# SUPPLIED RECORDS
########
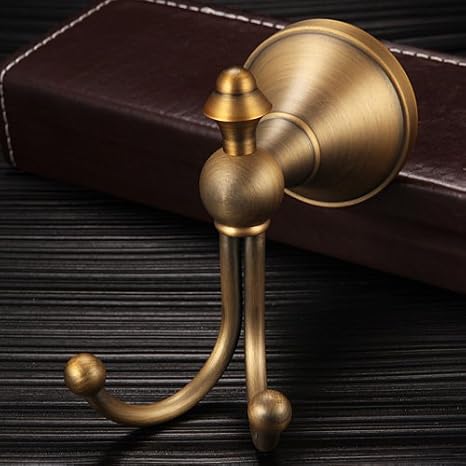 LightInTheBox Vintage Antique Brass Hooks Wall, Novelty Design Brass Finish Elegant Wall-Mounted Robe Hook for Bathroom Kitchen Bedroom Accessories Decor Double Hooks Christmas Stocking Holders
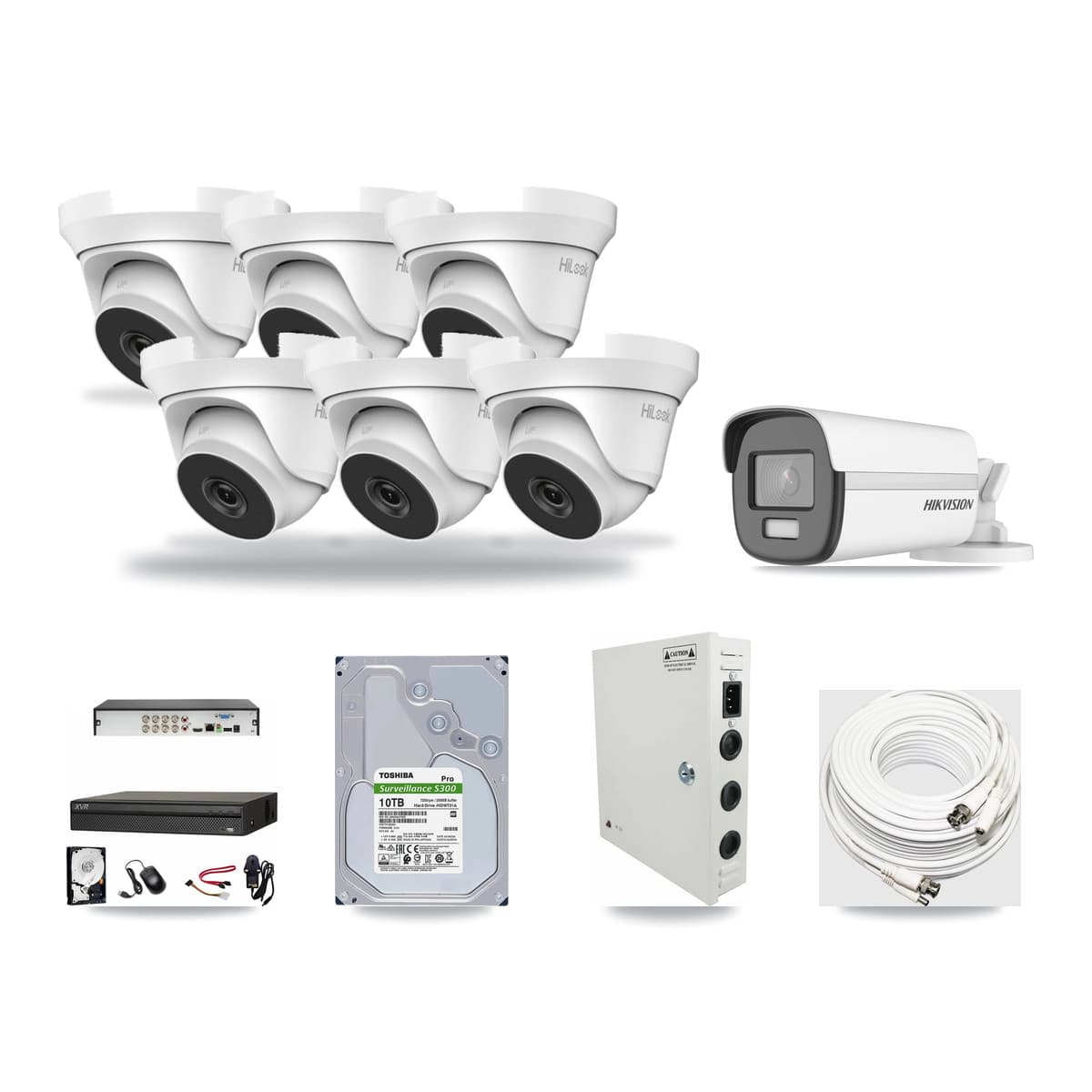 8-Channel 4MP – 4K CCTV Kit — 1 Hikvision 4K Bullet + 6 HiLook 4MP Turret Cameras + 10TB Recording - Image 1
########
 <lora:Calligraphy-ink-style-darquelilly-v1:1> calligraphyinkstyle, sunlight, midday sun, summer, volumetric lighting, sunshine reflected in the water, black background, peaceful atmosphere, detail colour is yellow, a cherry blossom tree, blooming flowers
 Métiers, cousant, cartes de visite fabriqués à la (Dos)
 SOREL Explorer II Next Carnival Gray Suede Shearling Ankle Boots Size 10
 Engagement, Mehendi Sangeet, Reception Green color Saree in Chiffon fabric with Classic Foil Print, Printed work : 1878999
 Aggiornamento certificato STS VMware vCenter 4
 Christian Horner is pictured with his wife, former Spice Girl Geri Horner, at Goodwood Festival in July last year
########
# TASK PROMPT
Write out exactly the lines that fall from the line with "tree, blooming flowers" to the line with "Christian Horner is" in the records above, keeping both ends.

# PROBLEM SOLUTION
 <lora:Calligraphy-ink-style-darquelilly-v1:1> calligraphyinkstyle, sunlight, midday sun, summer, volumetric lighting, sunshine reflected in the water, black background, peaceful atmosphere, detail colour is yellow, a cherry blossom tree, blooming flowers
 Métiers, cousant, cartes de visite fabriqués à la (Dos)
 SOREL Explorer II Next Carnival Gray Suede Shearling Ankle Boots Size 10
 Engagement, Mehendi Sangeet, Reception Green color Saree in Chiffon fabric with Classic Foil Print, Printed work : 1878999
 Aggiornamento certificato STS VMware vCenter 4
 Christian Horner is pictured with his wife, former Spice Girl Geri Horner, at Goodwood Festival in July last year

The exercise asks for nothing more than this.